Boys… They have it tough. The gender attainment gaps in Primary school result in a reduction of life choices and chances by the end of High School. In 2011 48% girls went to University whereas only 37% boys had the same chance.
At our INSET with Gary Wilson (www.garywilsonraisingboysachievement.co.uk) on Friday we were taken through the challenges of boyhood and the barriers to boys learning. From succumbing to the peer police (“Better to be seen not to be bothered by winning than to try and fail.”) to issues with independence; with parents who have been lured into the false impression that it’s easier to do everything for our boys rather than live with constant nagging, raised blood pressure and ranting that even the smallest of requests can result in. From low self esteem to the negative labels society puts onto boys from a very early age Gary is on a one man mission to change these negative stereotypes (once challenging British Home Stores when they advertised a boys T-shirt in their Spring Collection declaring “Lazy and proud of it!”).
So what can we do in our schools and classrooms to give boys the best opportunities to meet their potential? Gary’s main suggestions of the day were:
– Promote breakfast – by not eating breakfast by 10.30am we have the reaction speed of a 70year old.
– Promote a “can do” ethos – internal auditory is louder in boys heads.
– Positive visualisation ensures success – Imagining yourself doing well means you most probably will.
– Feed your brain! Giving children fruit and a drink prior to test helps with attainment.
– Assist neuropathways by ‘piggyback’ learning- teach someone else what you’ve learned.
– Promote creativity- children who play instruments do better at school.
– Develop leadership capacity in boys so they get attention for the right reasons.
– Boys prefer active learning. Although there’s a need to balance approaches across learning styles make sure there’s enough active learning events in our lessons to motivate and engage so boys work to the best of their ability.
– Superheroes! Tapping into this genre helps to boys to make links to the real world. Staff should value play based on children’s interest whilst promoting order and boundaries. Superhero play = emotional intelligence = clear rules = structure = guidelines for success.
– Ban setting! Setting reinforces negative stereotypes. The younger a child is ‘set’ the worst they’ll do at age 16.
– Celebrate success by using hand written ‘I did great work’ style labels as success stickers to give parents a focus to celebrate success at home.
– Aifl- use those lolly sticks or a random name generator (http://www.classtools.net/education-games-php/fruit_machine) to ensure children are focused and expect to be included in the lesson.
– Plan the plenary! Don’t let the boys skip any part of Kolb’s learning cycle (http://www.simplypsychology.org/learning-kolb.html) in their rush to be finished.
– Focus on Fiction: it promotes emotional intelligence and
– exposes children to wider experiences,
– aids understanding of what others think,
– helps children identify with characters and their issues,
– gives children strategies to deal with dilemmas.
-Set up Systems – When in doubt give them a system!
– Think in the short term for long term success: Short term goals, short term targets, short term rewards = boys striving for success.
-Cut out the copying out – it has no purpose and is predominantly used as behaviour control.
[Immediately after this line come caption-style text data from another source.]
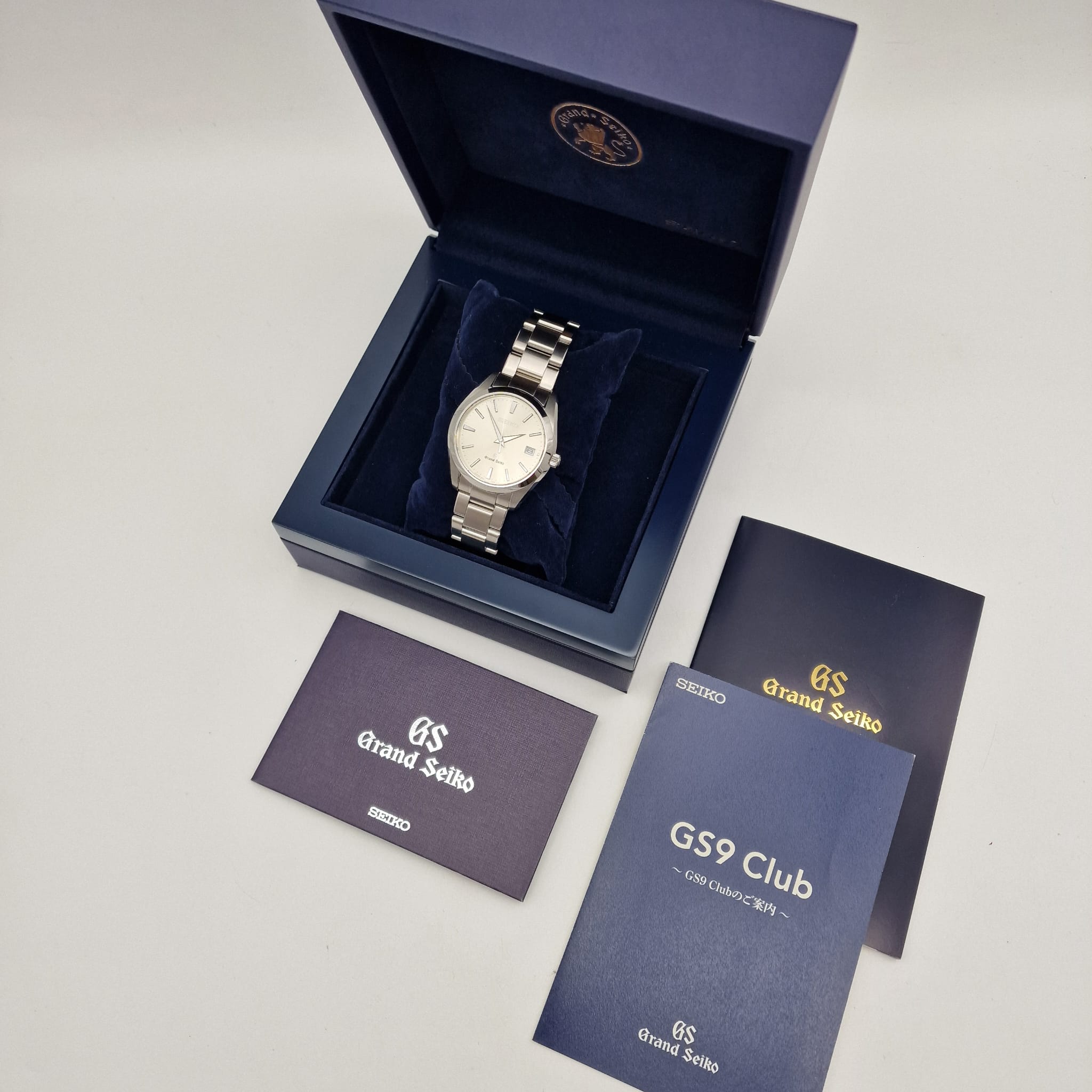 Grand Seiko Men's Watch Quartz SBGV021 Box + above papers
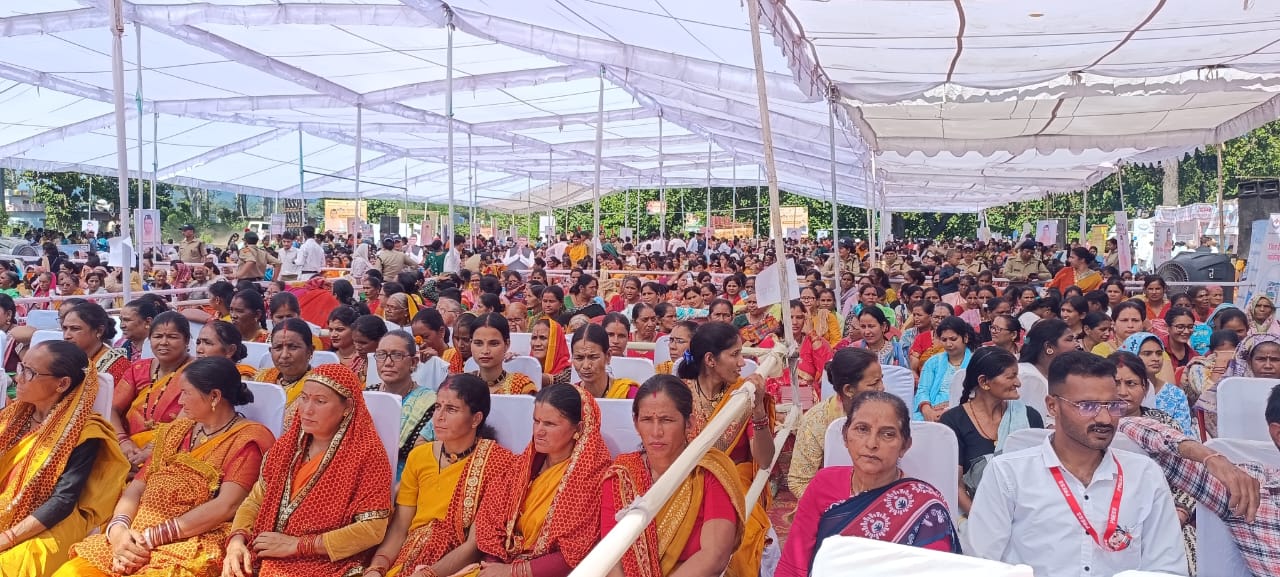 महिलाएं परिवार एवम समाज की होती है रीढ़- मुख्यमंत्री, उत्तराखंड की दिशा और दशा बदले में सक्षम है महिलाएं। टनकपुर के छीनी गोठ  में मनाया गया सशक्त बहना उत्सव
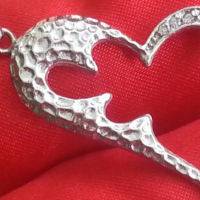 сребърен медальон сърце с циркони , снимка 2 - Колиета, медальони, синджири - 17306962
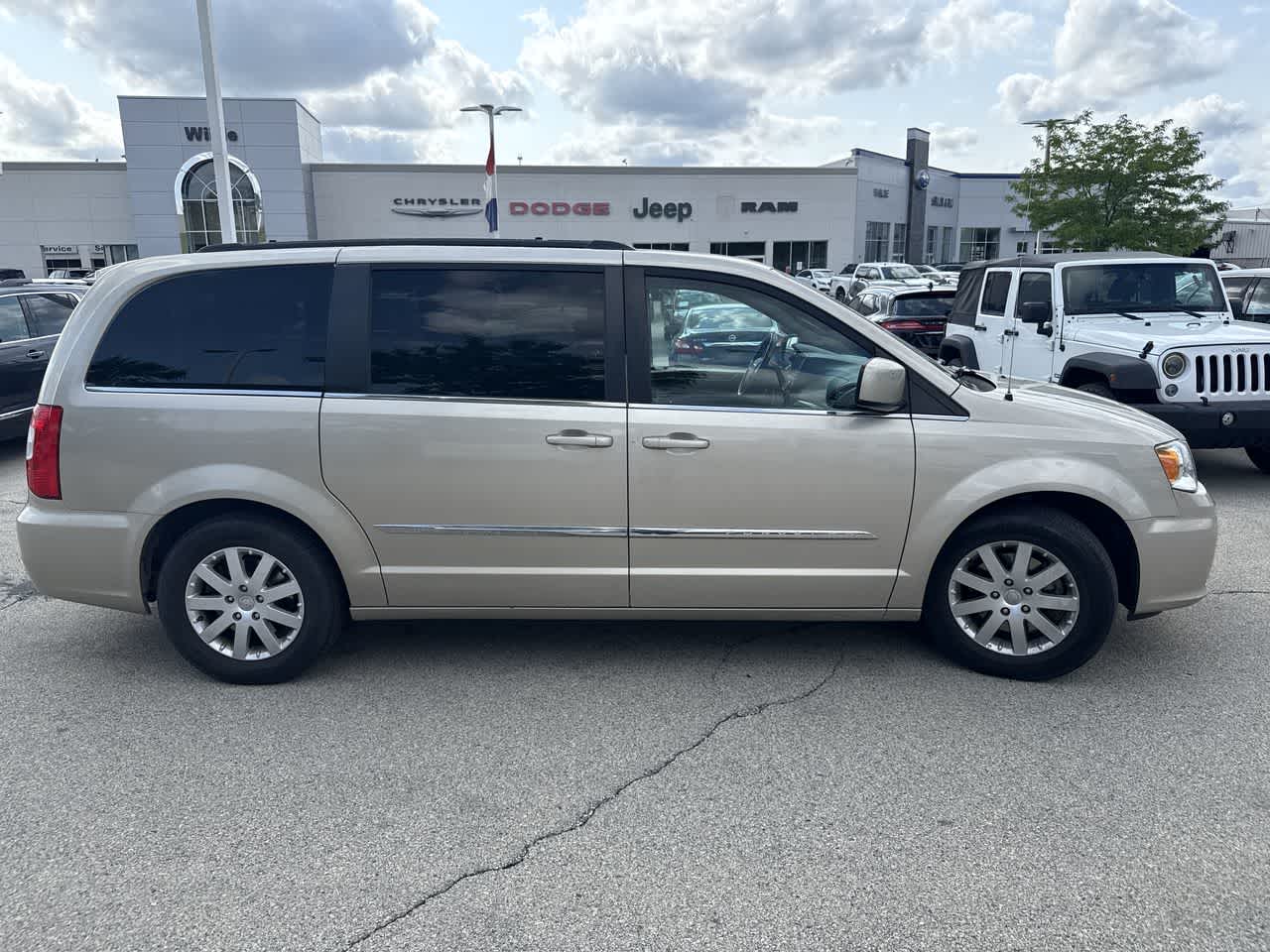 Thumbnail: 2014 Chrysler Town & Country - 7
Out of the mouths of boys: “Teachers’ can’t be bothered to teach us when we’re copying out.”
-Make learning real and fun by giving children real audiences. Use Crazy Talk (http://www.reallusion.com/crazytalk/crazytalk_trial.asp) software to manipulate pictures and provide a purpose to writing.
– focus on fine motor control development. Often this is an area of difficulty for boys (http://scotens.org/sen/articles/primary_reflexes.pdf) so praise for quality ideas when quality presentation is a mountain too high!
– Consider training staff to teach the children peer massage (http://www.misascotland.org.uk/index.htm) or yoga (http://www.yogascotland.org.uk/findteacher.html). Positive touch and relaxation helps to keep students calm, focused and motivated.
Through Gary’s work with groups of boys their top tips are:
– Choose the right time of day to teach important stuff- not when we’re excited.
– don’t criticise if you can’t read my handwriting, it’s not always the most important thing.
– be more persuasive!
– writing in small chunks is best.
– we want to write in any way we want!
– use mind mapping ideas.
– you start the story, let us kids finish it.
– give us basic ideas to get started.
– make it fun!
– use lots of props.
– find out what interests us
– use mind maps as a form of plenary/ help me share my learning with a partner.
– read to us – it helps us with our own stories and poems.
– let us act stories out.
– give us time to think and talk.
– model writing – use visualisers to share pupil work.
All the approaches above are very much good learning and teaching and would benefit any pupil regardless of gender but with a focus on engaging boys and bridging the attainment gaps the whole class will benefit.